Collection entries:
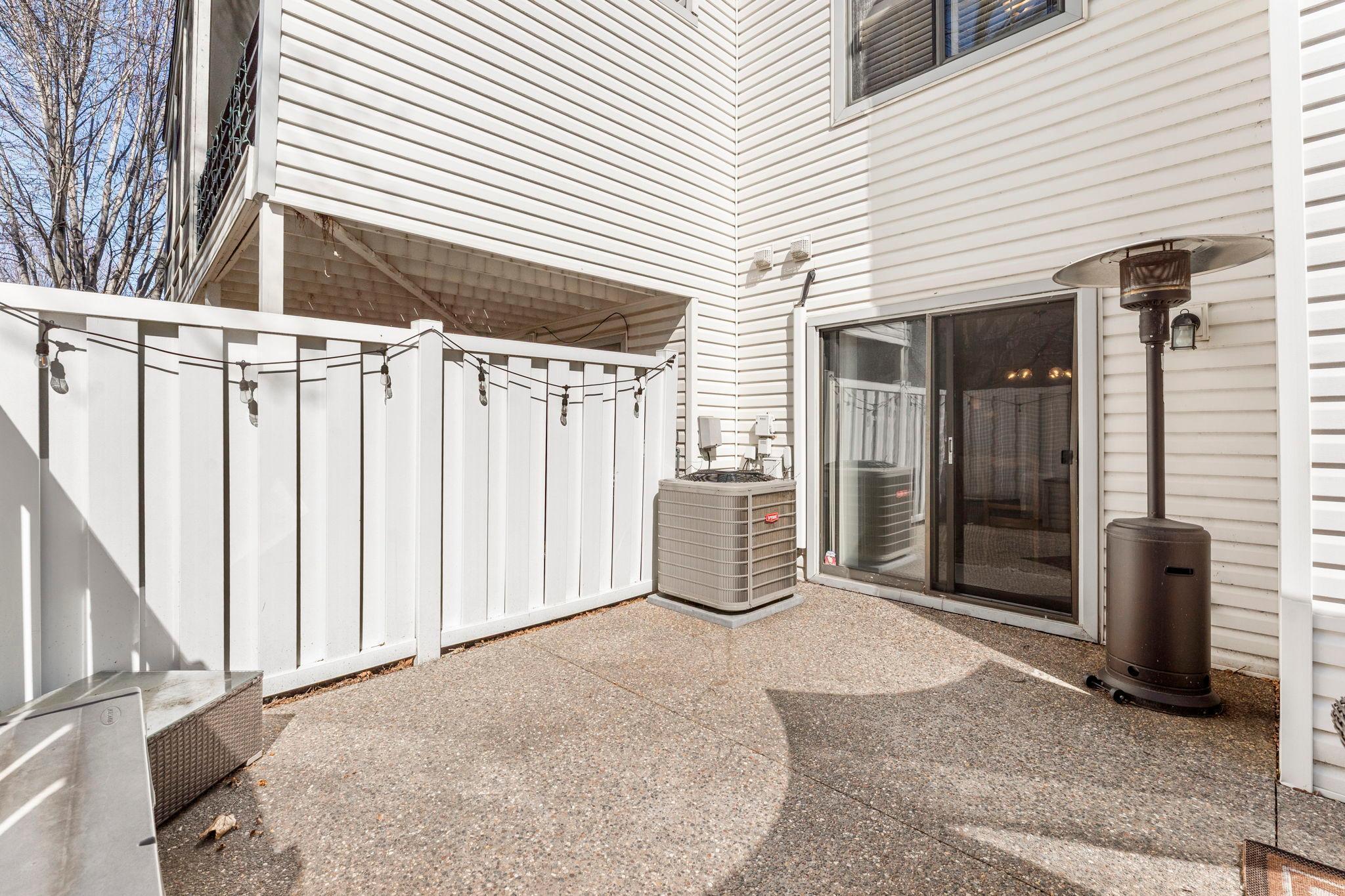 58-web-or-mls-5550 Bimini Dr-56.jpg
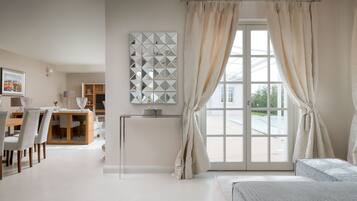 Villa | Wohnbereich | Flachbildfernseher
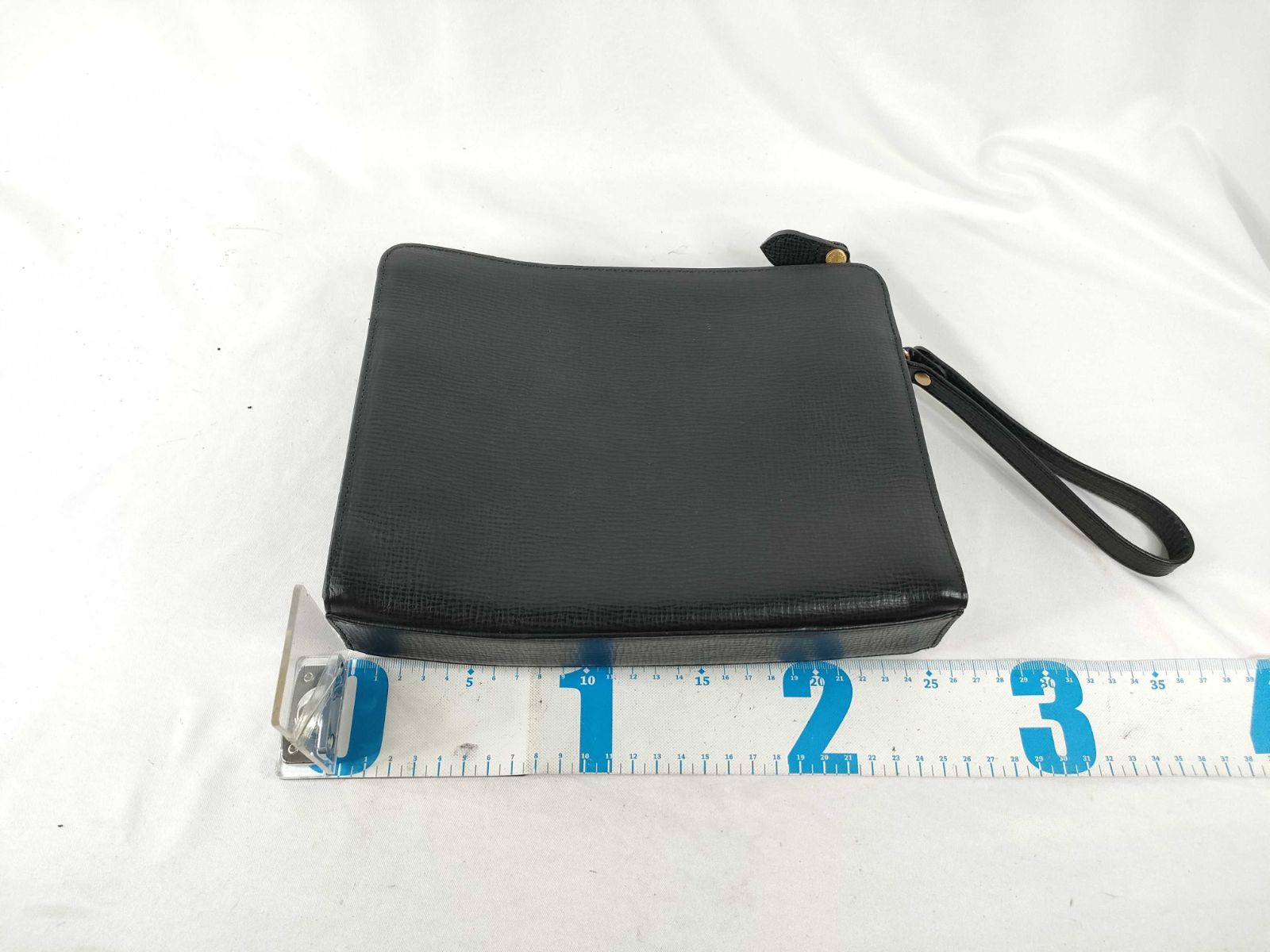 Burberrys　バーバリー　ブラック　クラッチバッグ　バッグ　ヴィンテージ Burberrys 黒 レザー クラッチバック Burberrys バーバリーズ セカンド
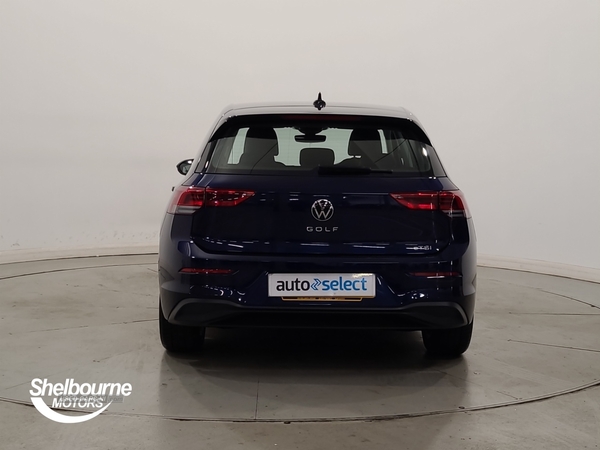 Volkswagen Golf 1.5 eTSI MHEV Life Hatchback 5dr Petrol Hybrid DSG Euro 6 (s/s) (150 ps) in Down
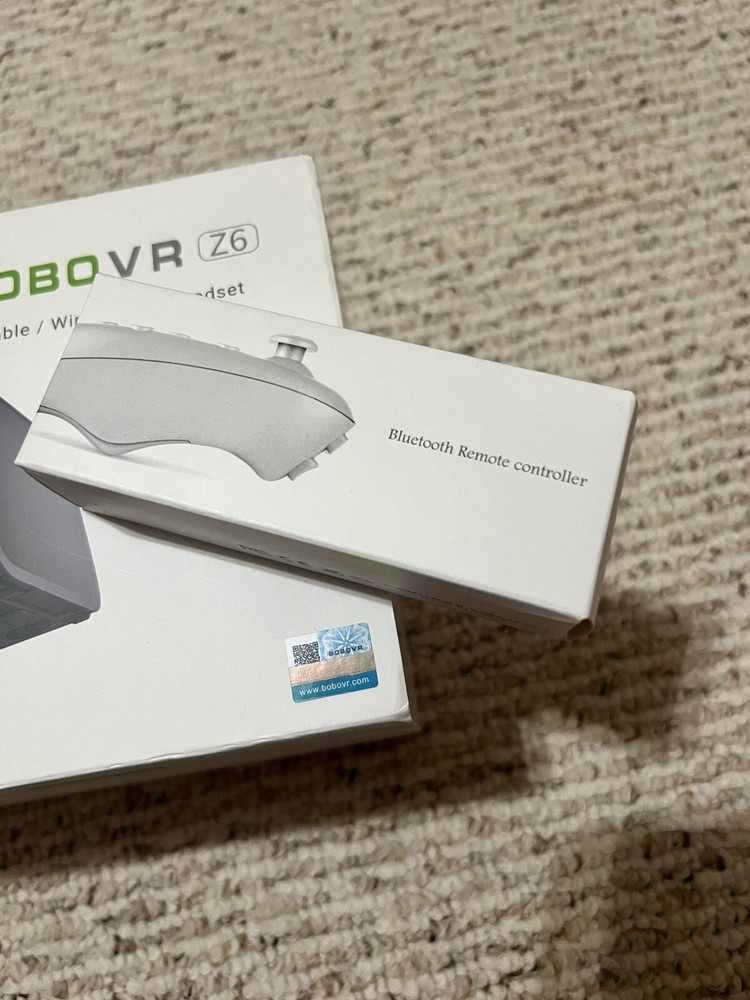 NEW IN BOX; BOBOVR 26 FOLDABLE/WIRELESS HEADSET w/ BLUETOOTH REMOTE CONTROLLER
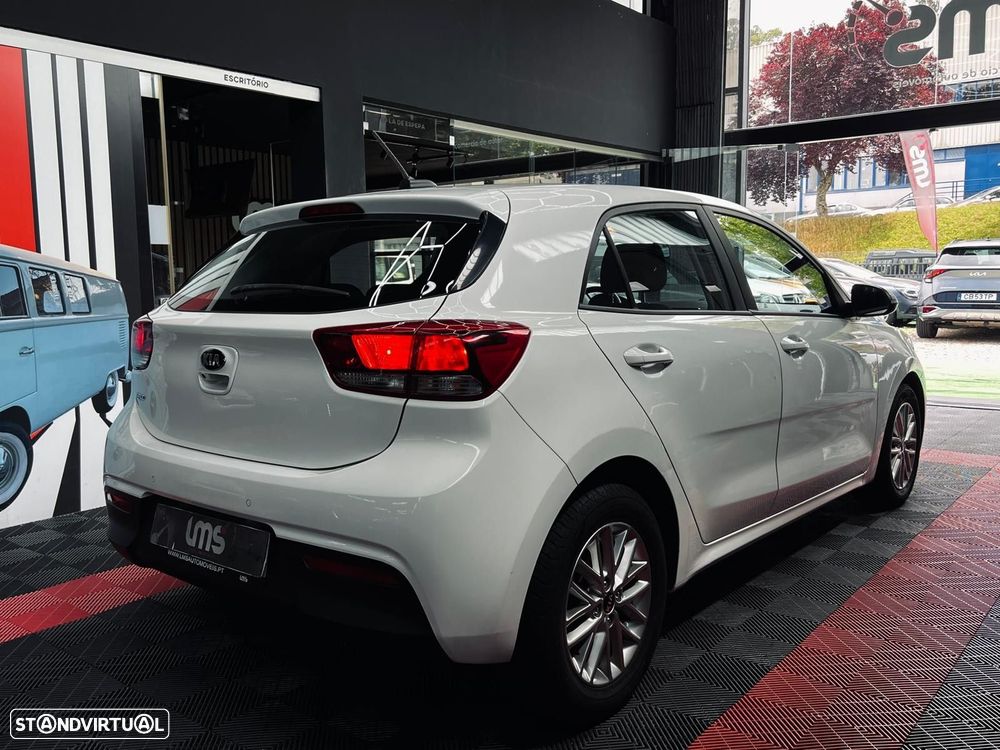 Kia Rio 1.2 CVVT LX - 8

Description of the task:
Write out exactly, and nothing more than, the lines of the entries above from the line containing "NEW IN BOX;" through the final line; omit any pictures.

Written solution:
 NEW IN BOX; BOBOVR 26 FOLDABLE/WIRELESS HEADSET w/ BLUETOOTH REMOTE CONTROLLER
 Kia Rio 1.2 CVVT LX - 8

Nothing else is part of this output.